→ **Data segment**:
■ ■ ■ ■ ■
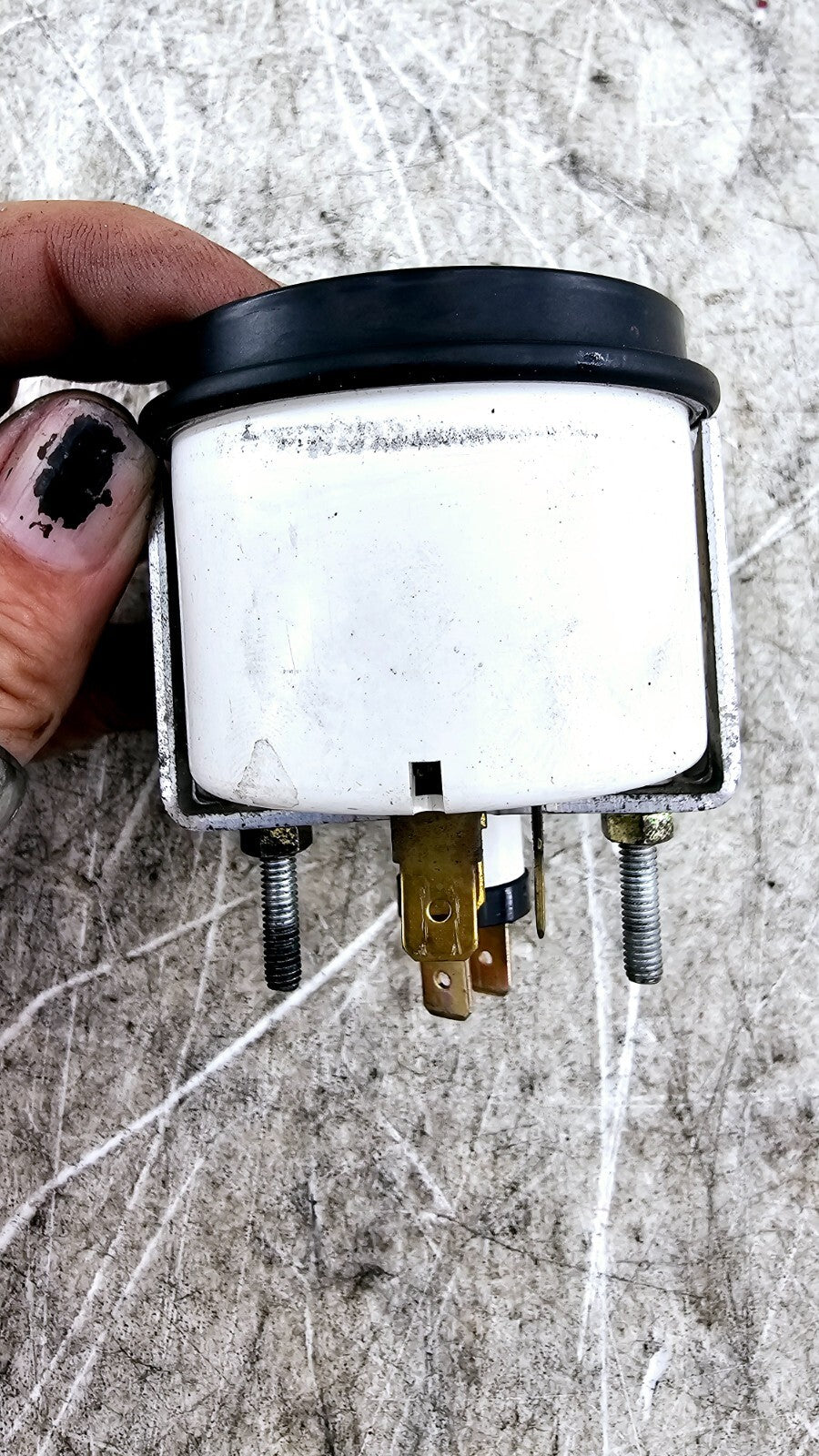 1994 HARLEY FLH ELECTRA GLIDE PSI Oil Pressure Gauge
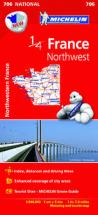 Michelin Mapa France Northwest
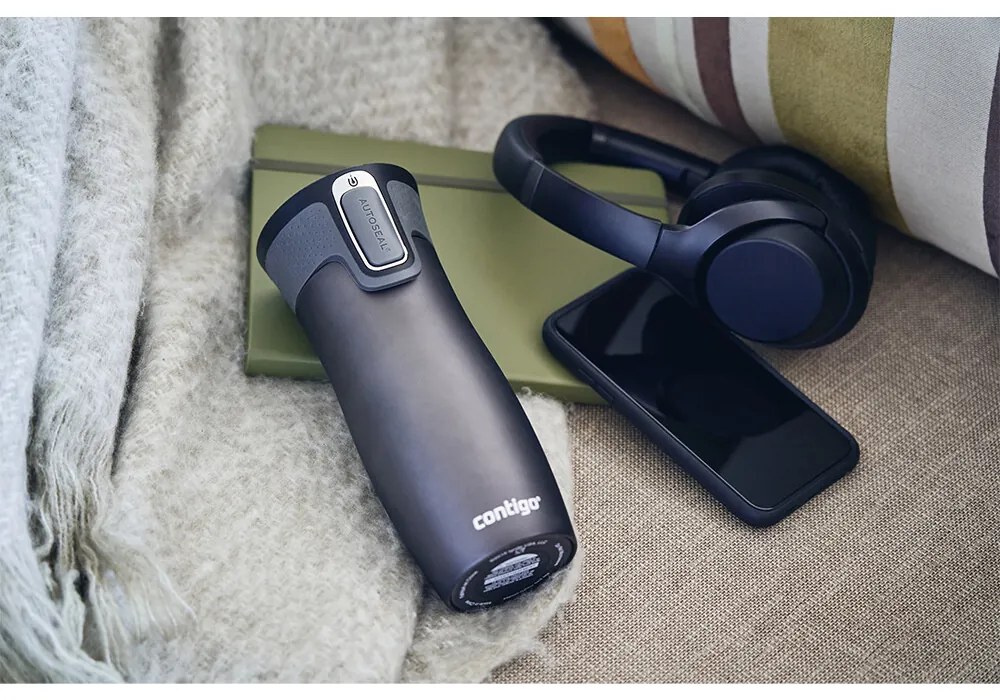 Contigo Butelka termiczna West Loop 470 ml Gunmetal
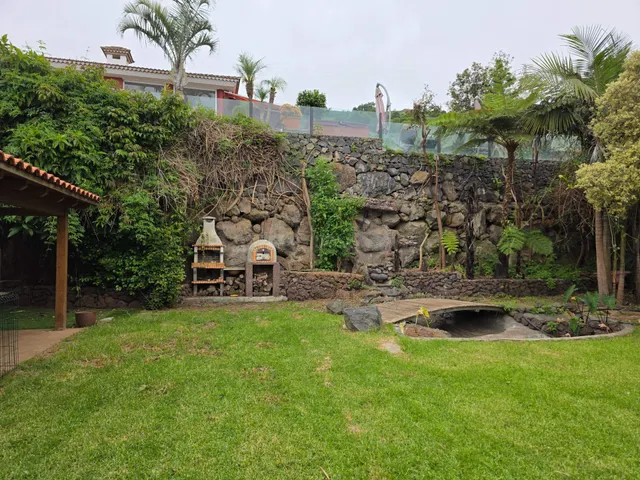 En venta precioso Chalet con Jardín soñado en La Orotava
■ ■ ■ ■ ■
→ **Exercise goal**:
Write out all of the data above exactly, without any of its pictures.

→ **The completed task**:
 1994 HARLEY FLH ELECTRA GLIDE PSI Oil Pressure Gauge
 Michelin Mapa France Northwest
 Contigo Butelka termiczna West Loop 470 ml Gunmetal
 En venta precioso Chalet con Jardín soñado en La Orotava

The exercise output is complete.